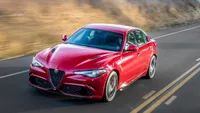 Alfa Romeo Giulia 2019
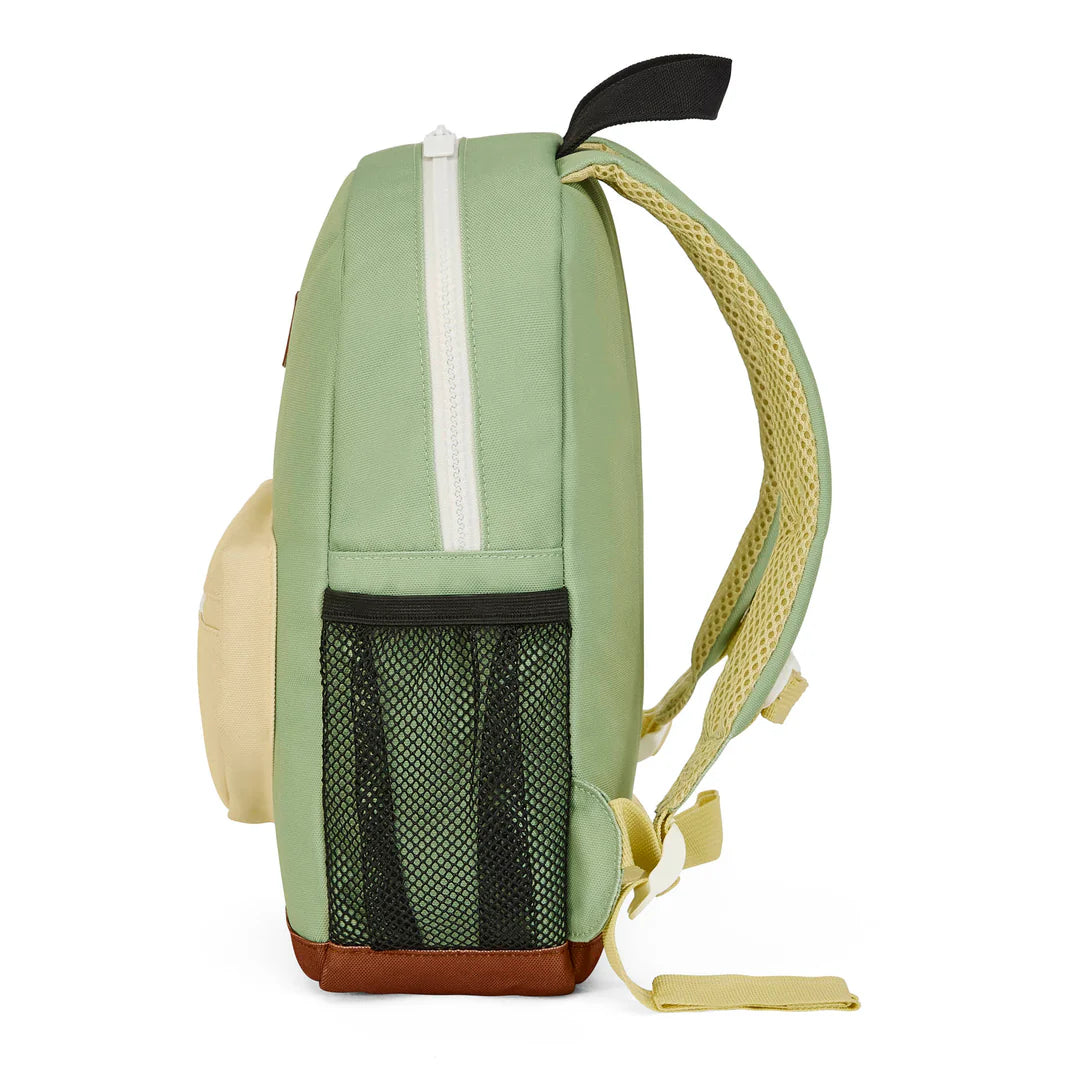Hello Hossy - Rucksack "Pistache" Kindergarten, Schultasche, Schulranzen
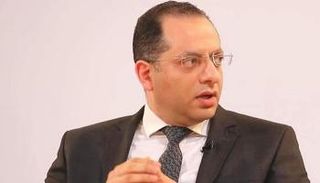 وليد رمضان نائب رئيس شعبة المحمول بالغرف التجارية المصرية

• [Task prompt] Please give again, word for word, the lines from the one containing "Hello Hossy - Rucksack" through the last line of the listing above, inclusive, and leave out pictures.

• [Exercise response]
Hello Hossy - Rucksack "Pistache" Kindergarten, Schultasche, Schulranzen
 وليد رمضان نائب رئيس شعبة المحمول بالغرف التجارية المصرية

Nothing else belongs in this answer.